Não vale a pena perder tempo a chorar sobre o leite derramado. O legado é fraco e caótico, mas o futuro está por construir e março já se aproxima. O direito de votar impõe-se moralmente como um dever nas próximas eleições. Não podemos continuar sentados na bancada a criticar quem está em campo, é urgente vestir a camisola e acreditar mais em nós. Portugal merece melhor. Precisamos de reformas, de ética, de coragem. Precisamos de pessoas que pensem no país e não no seu umbigo. Precisamos de arrumar a casa, de deitar para o lixo a tralha que nos atrasa e que não nos deixa avançar para que, daqui a um ano, não estejamos a lamentar-nos dos mesmos problemas. Ou nos unimos a favor de uma mudança profunda, ou continuaremos condenados ao movimento perpétuo da roda do ratinho.

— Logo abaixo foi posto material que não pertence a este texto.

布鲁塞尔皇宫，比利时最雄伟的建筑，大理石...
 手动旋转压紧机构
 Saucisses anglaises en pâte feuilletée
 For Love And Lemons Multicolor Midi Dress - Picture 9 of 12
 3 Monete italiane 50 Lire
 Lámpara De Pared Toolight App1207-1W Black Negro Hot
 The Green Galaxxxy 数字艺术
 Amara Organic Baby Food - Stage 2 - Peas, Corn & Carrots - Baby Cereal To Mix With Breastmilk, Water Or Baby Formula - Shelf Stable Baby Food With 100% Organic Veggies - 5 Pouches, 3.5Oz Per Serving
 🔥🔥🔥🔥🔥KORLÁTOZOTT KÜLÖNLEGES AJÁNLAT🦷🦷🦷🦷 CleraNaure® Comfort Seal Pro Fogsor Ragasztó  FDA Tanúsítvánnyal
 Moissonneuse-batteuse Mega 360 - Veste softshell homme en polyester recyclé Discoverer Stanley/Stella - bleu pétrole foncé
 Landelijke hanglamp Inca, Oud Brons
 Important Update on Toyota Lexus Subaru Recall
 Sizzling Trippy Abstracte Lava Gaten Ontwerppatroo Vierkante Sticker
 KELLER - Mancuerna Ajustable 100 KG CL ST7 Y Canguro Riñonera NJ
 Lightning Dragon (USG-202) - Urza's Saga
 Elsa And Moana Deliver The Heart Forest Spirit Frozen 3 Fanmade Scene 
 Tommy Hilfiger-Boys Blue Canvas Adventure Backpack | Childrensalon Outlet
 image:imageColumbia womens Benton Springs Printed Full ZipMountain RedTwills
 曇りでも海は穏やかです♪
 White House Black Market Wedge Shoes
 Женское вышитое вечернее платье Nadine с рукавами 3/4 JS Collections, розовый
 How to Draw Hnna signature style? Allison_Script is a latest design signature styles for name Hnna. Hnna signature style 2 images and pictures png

O socialismo só serve os socialistas, a democracia serve todos. Não existem sistemas perfeitos, imaculados e incorruptíveis. “A democracia é o pior dos regimes, à exceção de todos os outros”, disse Churchill… A ironia fina do grande estadista que nunca se rendeu ao invasor serve de mote para um futuro melhor. Socialismo, nunca mais.